> **Data to use**
◇ ◇ ◇

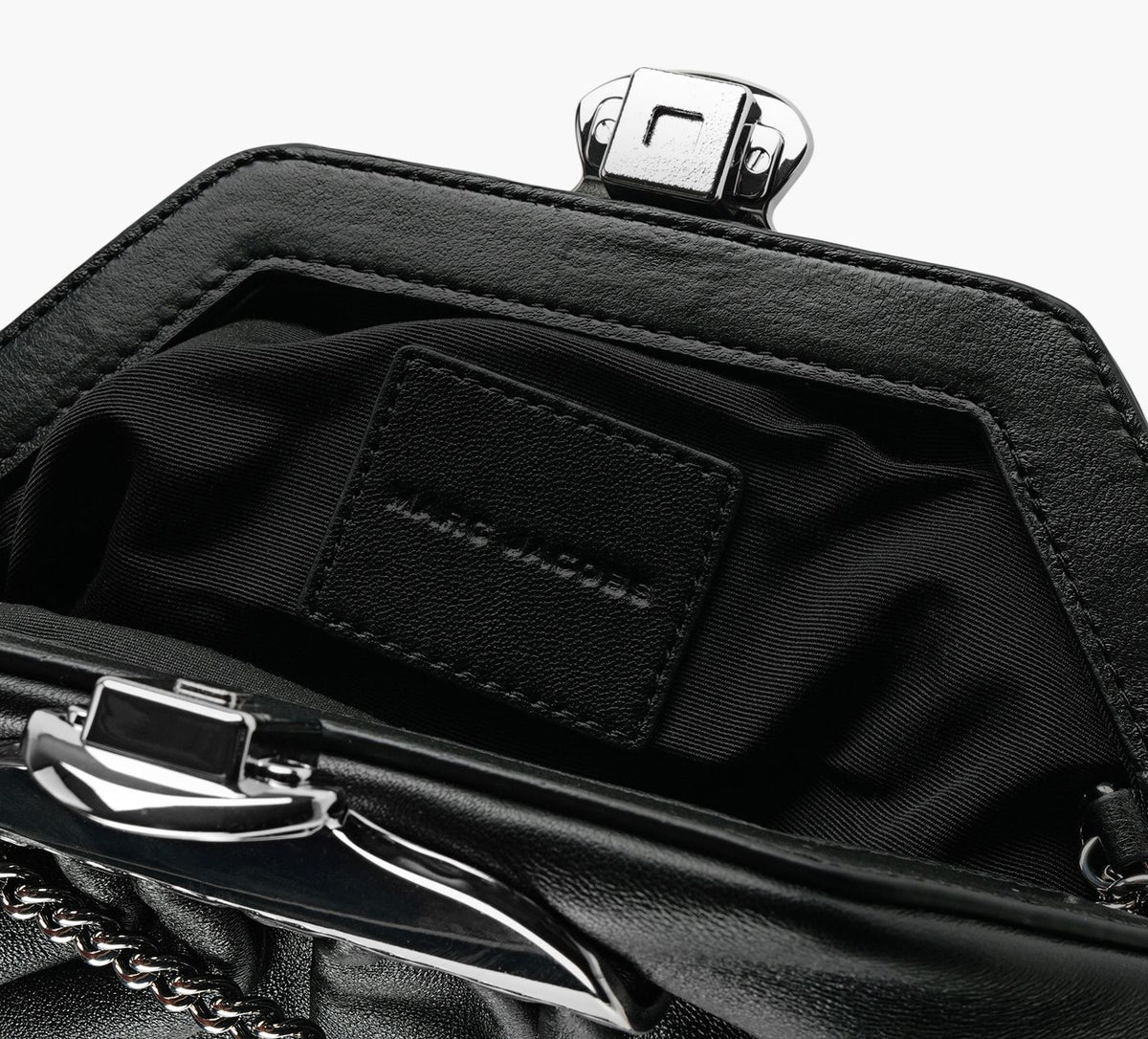 MARC JACOBS THESMALLCLAWCLIPCLUTCH in BLACK view 3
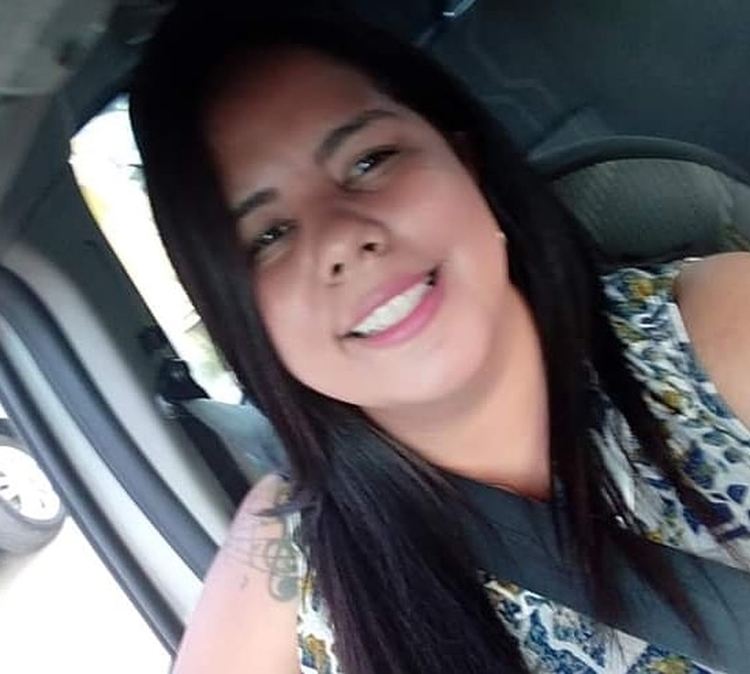 Motorista de aplicativos, Adélia Neta, de 36 anos, foi levada por bandidos, sofreu violência sexual - Foto: Arquivo pessoal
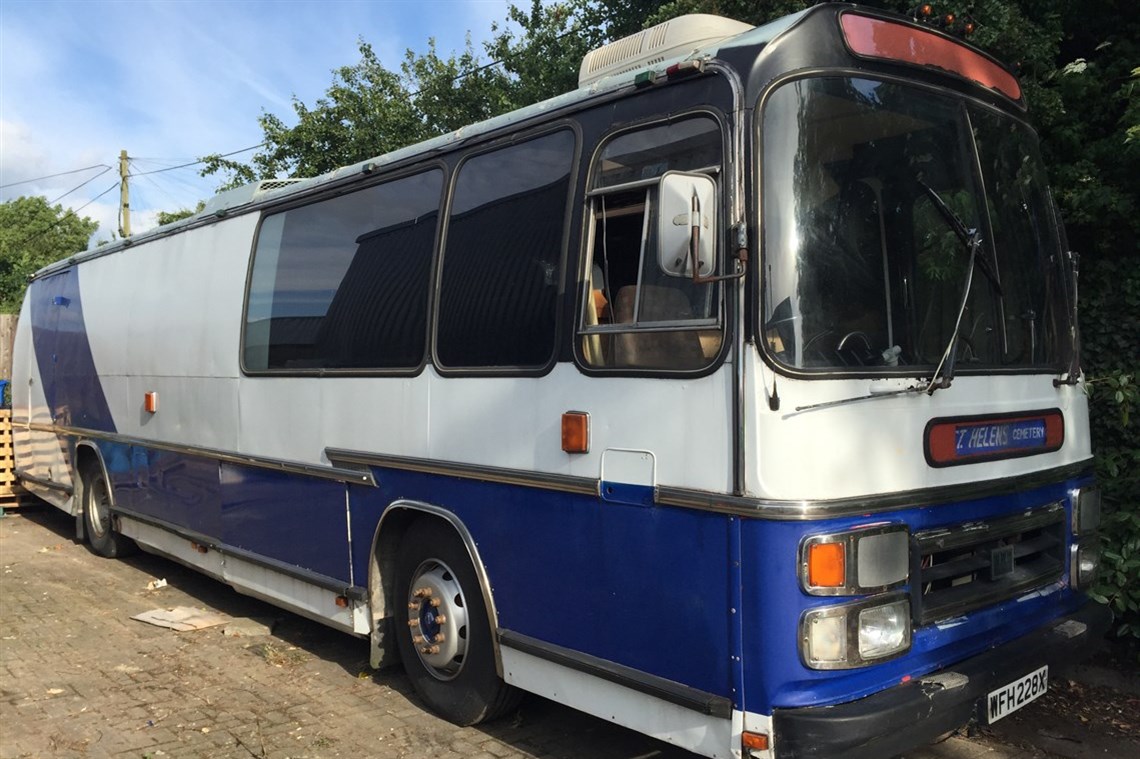 volvo-b58-motorhome-race-transporter---sleeps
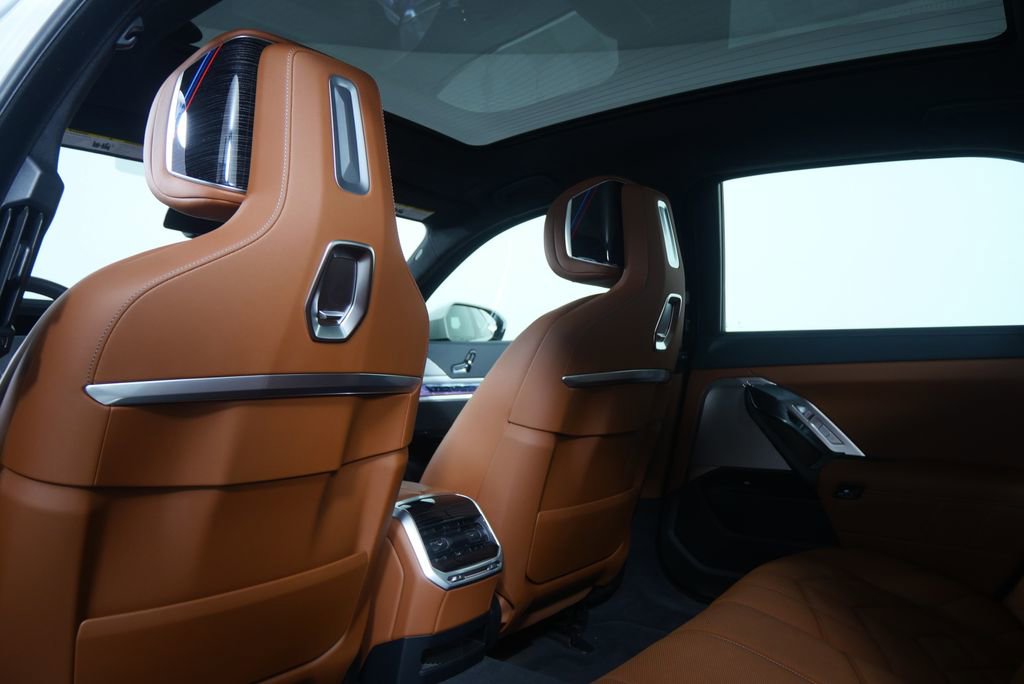 Certified 2025 BMW 740i image 18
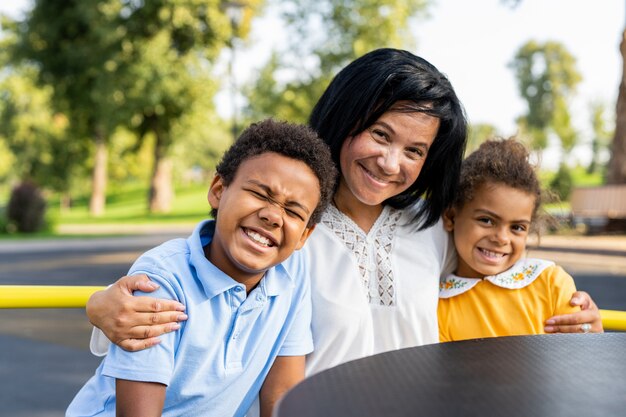 Belle liaison familiale afro-américaine heureuse au parc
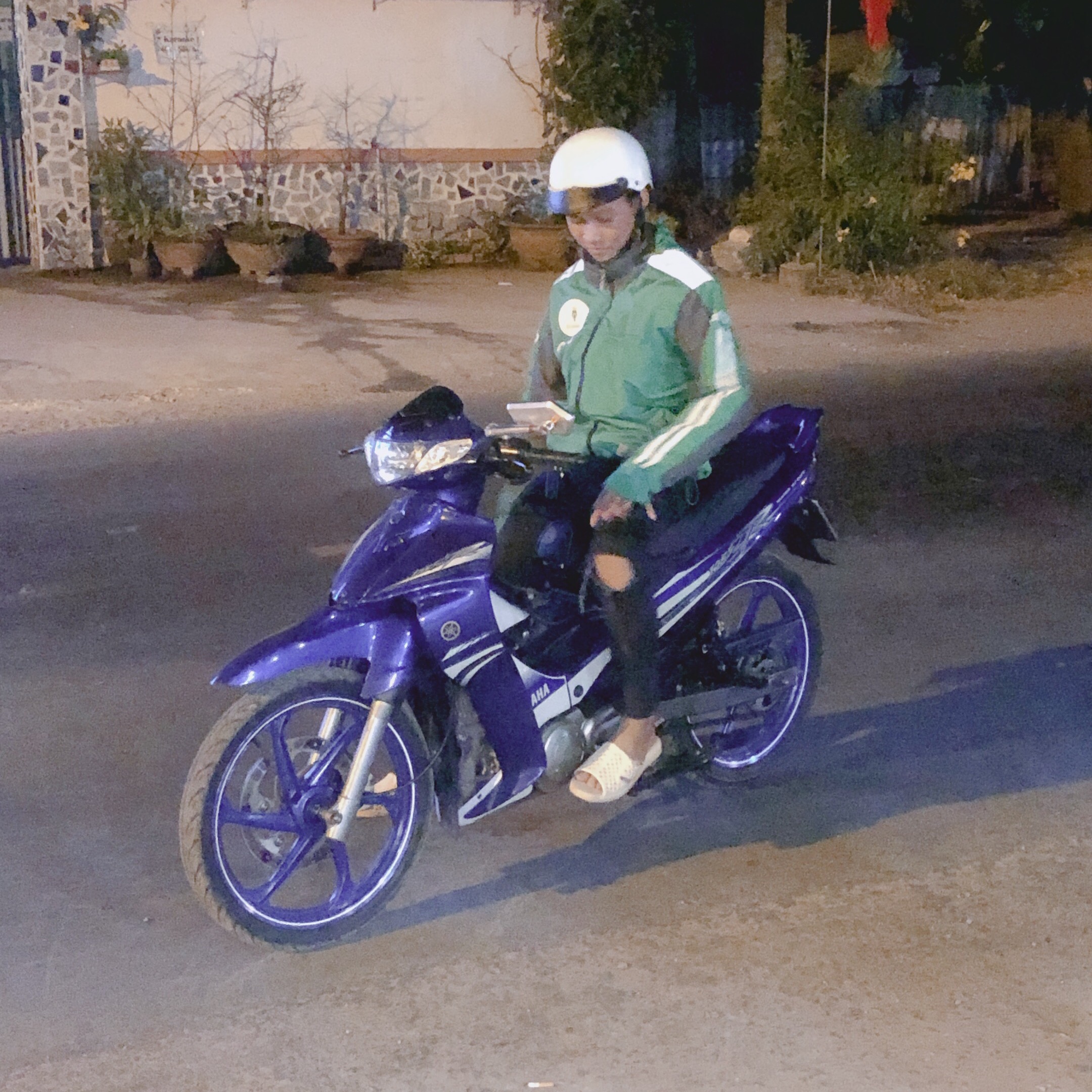 Quốc Vinh vinhtauhu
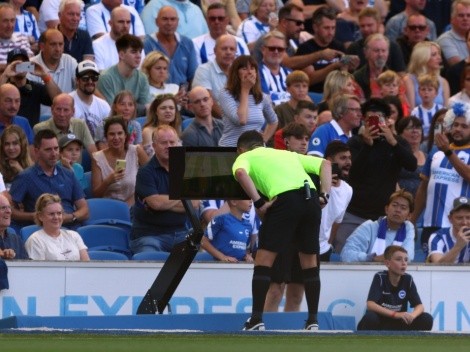 VIDEO: Low budget VAR as referee sees play on spectator’s cell phone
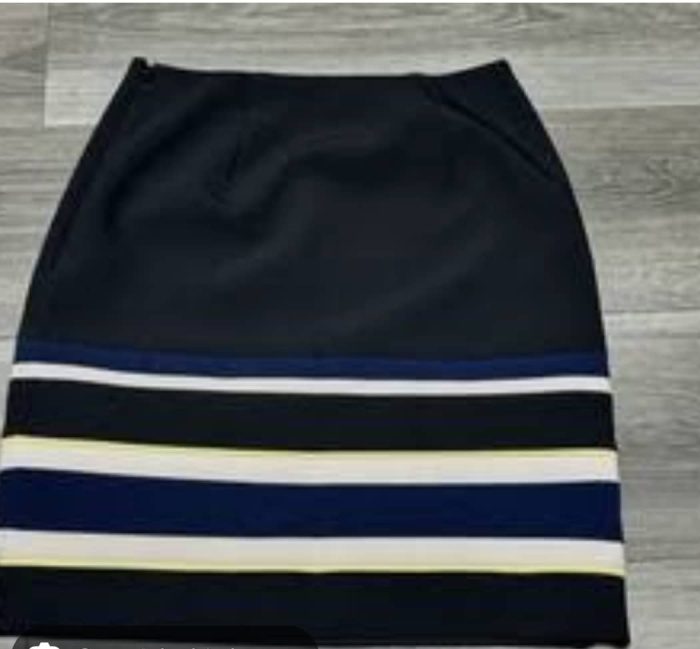 White House Black Market lined stripe skirt.  Sizes 0 to 14  - Image 4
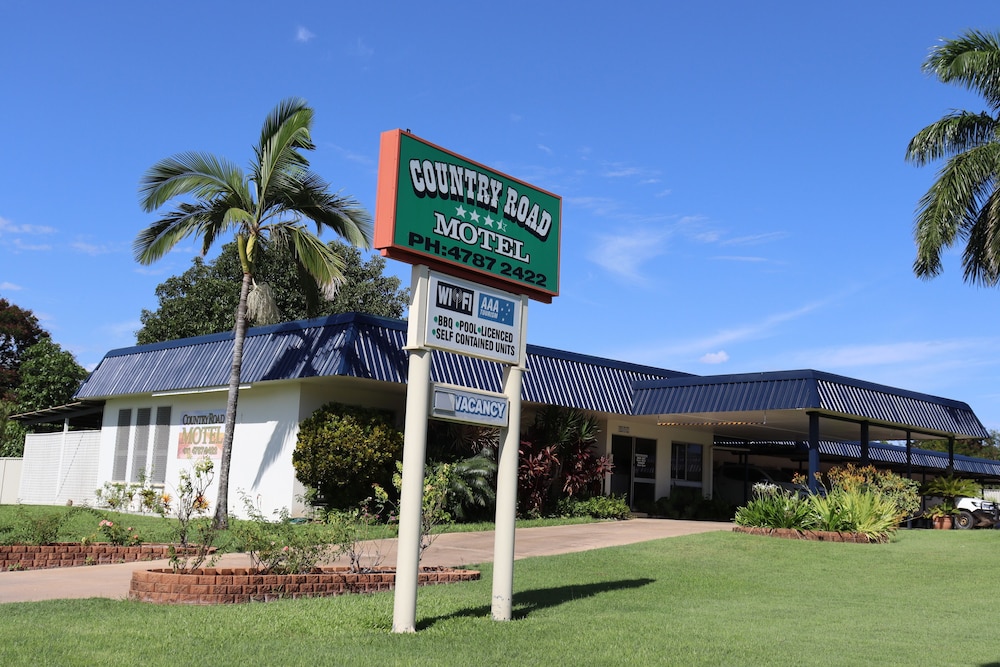 Country Road Motel in Charters Towers, Australia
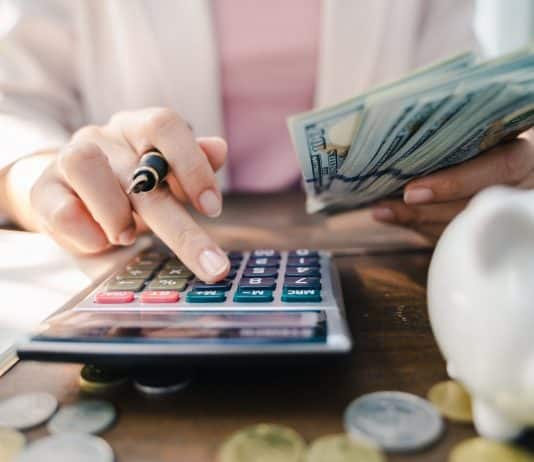 Qui est susceptible d’utiliser la stratégie d’association pour alléger son endettement ?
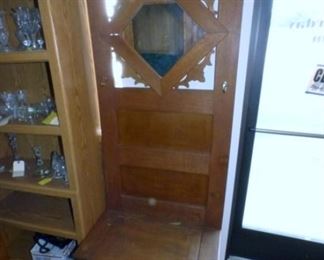 UNUSUAL OAK HALL SEAT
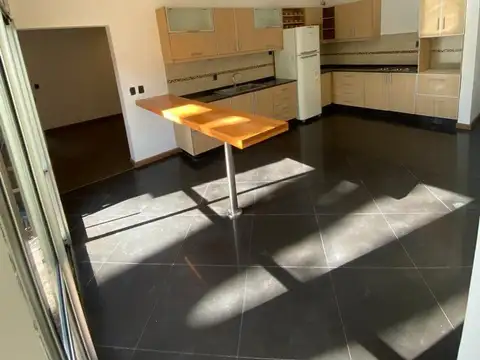 Casa en Venta YeiPora excel 3 dorm pileta moderna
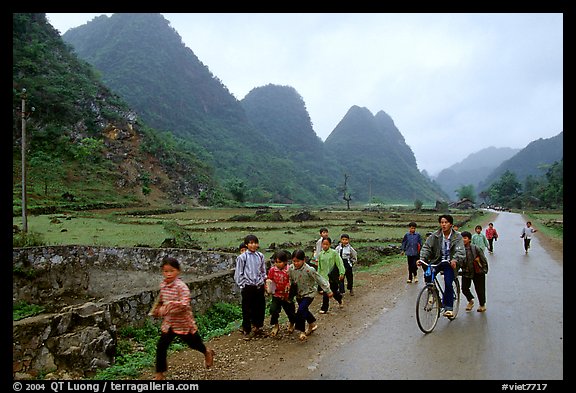 Children returning from school, Ma Phuoc Pass area. Northeast Vietnam (color)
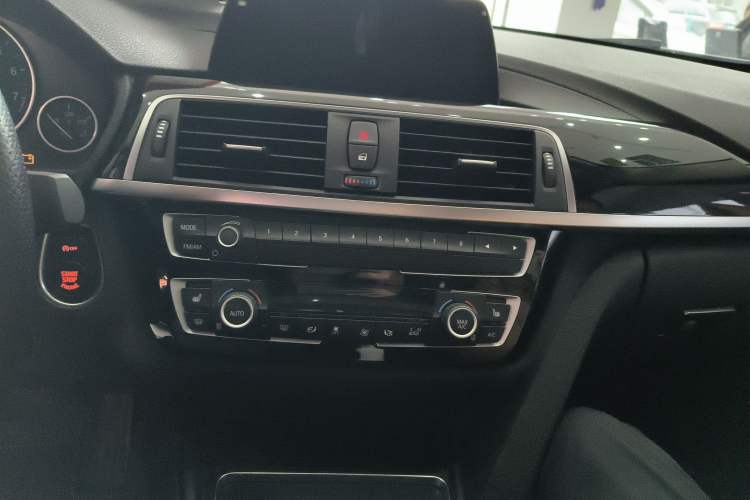 Used BMW 3 Series 2018 320Li Fashion Model
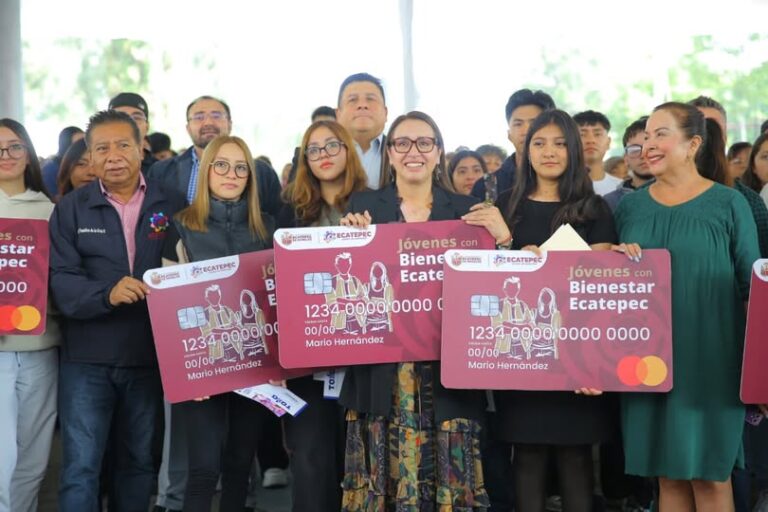 Es heroico que estudien en este país: Azucena Cisneros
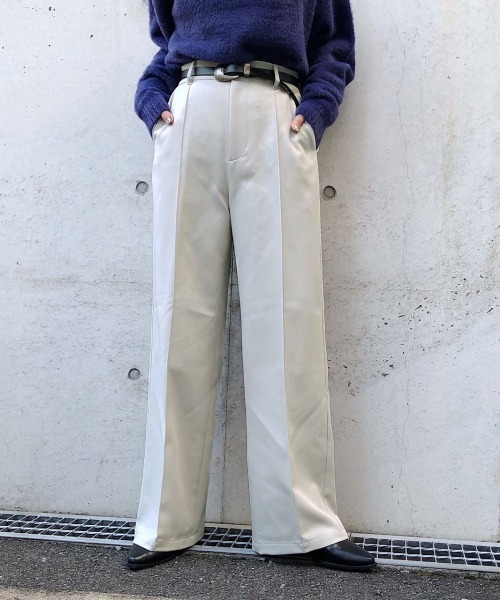 PAGEBOY（ページボーイ）の「ピンタックワイドスラックス（スラックス・レディース・ブラック/ピンク系その他/グレイッシュベージュ/ダークブラウン・FREE）」の3枚目の写真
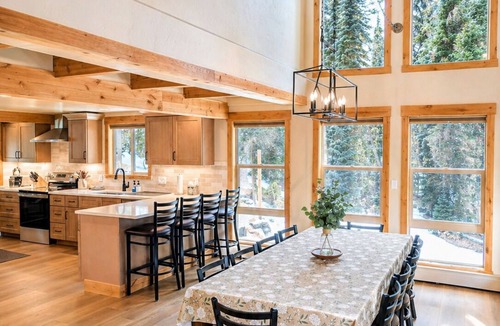 Columbine Lake House | 5BR Lodge, 1mi to Ski, HotTub, PoolTable, Firepit, Sleeps 12, Easy Access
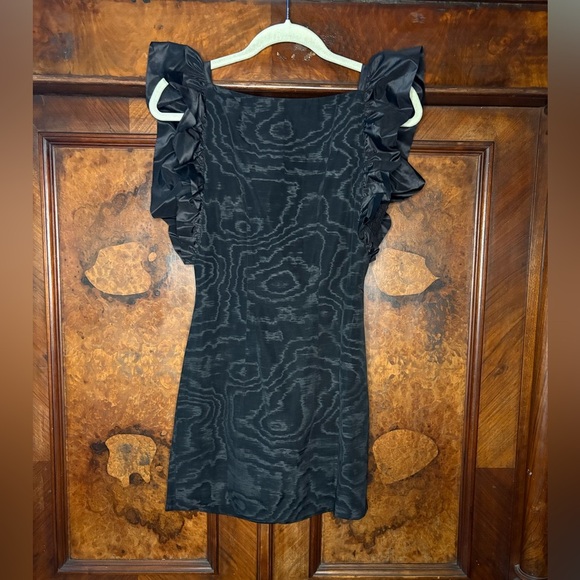 GUC Katy Rodriguez- Elegant Black Ruffle Sleeve Silk Dress. Size 2 - Picture 1 of 10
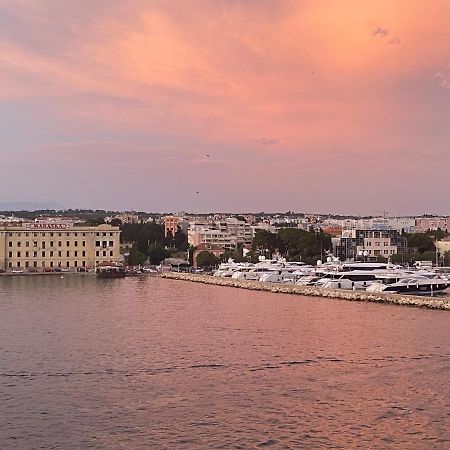 Breathtaking Sea View Condo In City Center Zadar Exterior photo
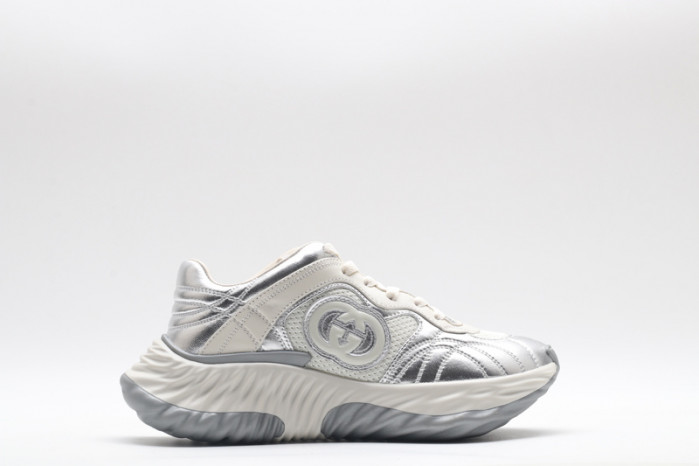 G*u*i* trainer sneaker115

◇ ◇ ◇

> **Problem description**
With the pictures omitted, copy exactly the lines from the line that contains "UNUSUAL OAK HALL SEAT" through the end of the material.

> **Answer space**
 UNUSUAL OAK HALL SEAT
 Casa en Venta YeiPora excel 3 dorm pileta moderna
 Children returning from school, Ma Phuoc Pass area. Northeast Vietnam (color)
 Used BMW 3 Series 2018 320Li Fashion Model
 Es heroico que estudien en este país: Azucena Cisneros
 PAGEBOY（ページボーイ）の「ピンタックワイドスラックス（スラックス・レディース・ブラック/ピンク系その他/グレイッシュベージュ/ダークブラウン・FREE）」の3枚目の写真
 Columbine Lake House | 5BR Lodge, 1mi to Ski, HotTub, PoolTable, Firepit, Sleeps 12, Easy Access
 GUC Katy Rodriguez- Elegant Black Ruffle Sleeve Silk Dress. Size 2 - Picture 1 of 10
 Breathtaking Sea View Condo In City Center Zadar Exterior photo
 G*u*i* trainer sneaker115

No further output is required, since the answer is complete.